Group coach Jon Casson gathered his group together, children ranging from 7 to 10 crowding around.
“The most important thing is safety,” he announced before proceeding with a thorough check of each bike in his group.
Learning bike safety is one of the most important parts of the whole effort, Seymour said, citing her own sons’ struggles with picking it up.
“It’s important for people to realize kids are on their bikes so much more during the summer, and they’re out and around town,” she said. “When I see a kid on a bike, I realize a 9-year-old can’t always make totally good judgments. He can’t always completely judge the speed of a car.”
Better than they know
Seymour’s small and unofficial program last summer quickly grew, until she was escorting 20 youths around town on bikes.

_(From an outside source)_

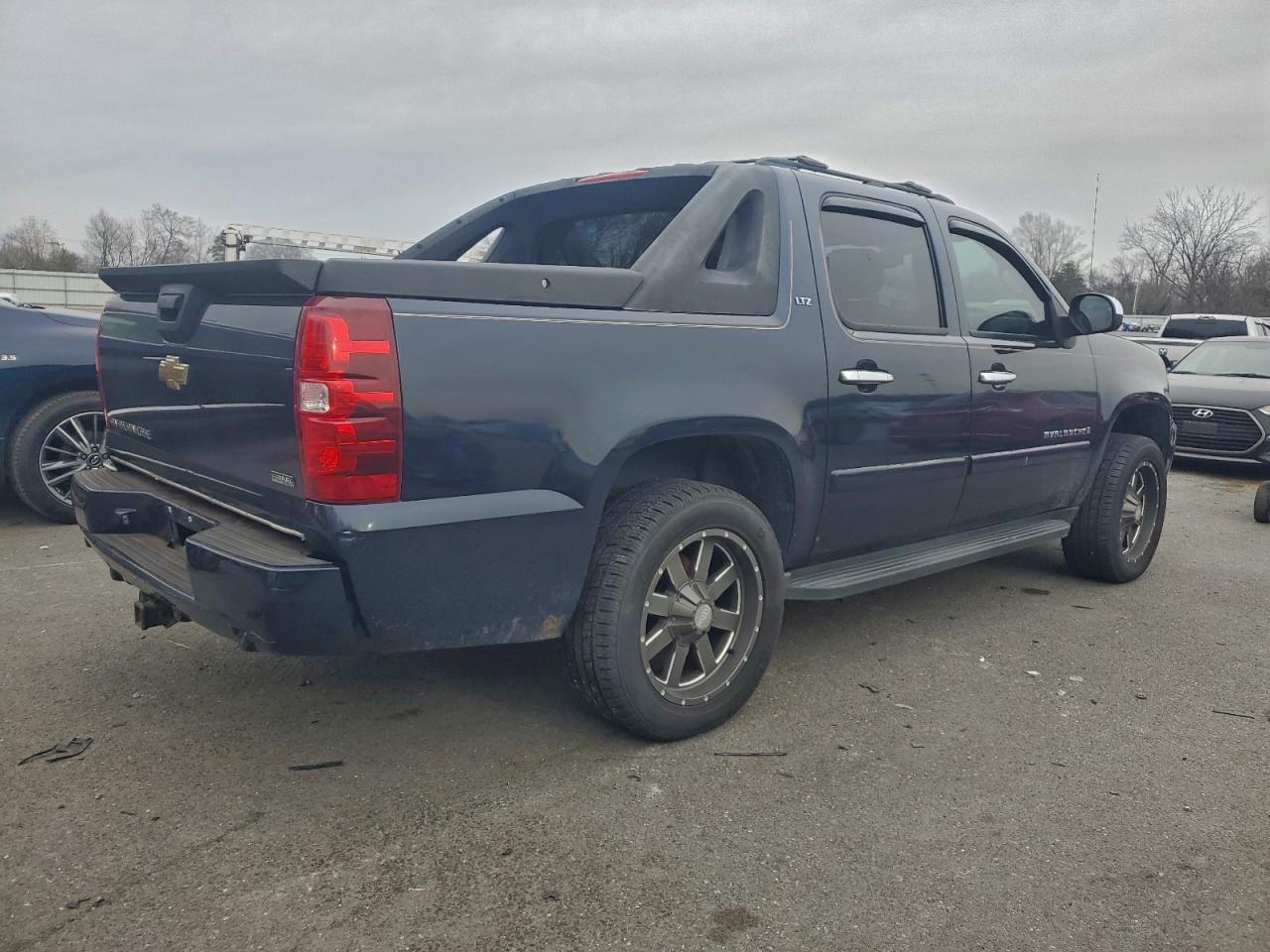 Chevrolet Avalanche K1500 Image 2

She hired experienced teenagers to help shepherd the group and started charging $3 per child, per ride.
Teenagers working for a few bucks gave way this year to some of the most experienced bikers in Steamboat Springs, who are all volunteering their time. Each group has a coach plus a junior coach who is typically a part of the SSWSC’s biking program for older members.
Guiding groups Thursday, in addition to Casson, were top area competitors such as Nate Bird and Kelly Boniface, who recently won the cross-country mountain biking event at the 2008 Teva Mountain Games in Vail.
“It’s important that the kids aren’t just biking with their parents,” Seymour said. “They tend to not whine and cry, and they do a lot more. They’re more capable than they realize, and when they’re riding with their friends and a coach, they tend to buck up and do more. It’s pretty neat to see.”
Organizers also plan to put the youths to work later in the summer, showing them exactly how Steamboat came to have such a wide variety of singletrack mountain biking trails.
And there are even more benefits. Seymour said she hopes she is creating the next flight of mountain bike competitors by getting the children on mountain bikes early and giving them the chance to mix with older and more successful youths and top-line biking adults.
“We focus more on competition, but those guys are focusing more on all-around biking. Still, it will be a big help,” said Ben Clark, who oversees the biking program for older SSWSC competitors.
He said he hopes to one day reap the benefits of the youth program.
“We’re trying to get athletes to think about endurance sports during the summer, too, but I wouldn’t say we’re just putting skiers and snowboarders on bikes. A lot of our athletes travel around to compete,” he said.
The youth biking group meets every Thursday morning at 8:30 at the foot of Howelsen Hill. Riding in the full eight weeks costs bikers $100. Due to the overwhelming response, Seymour said the course is filled up for this summer.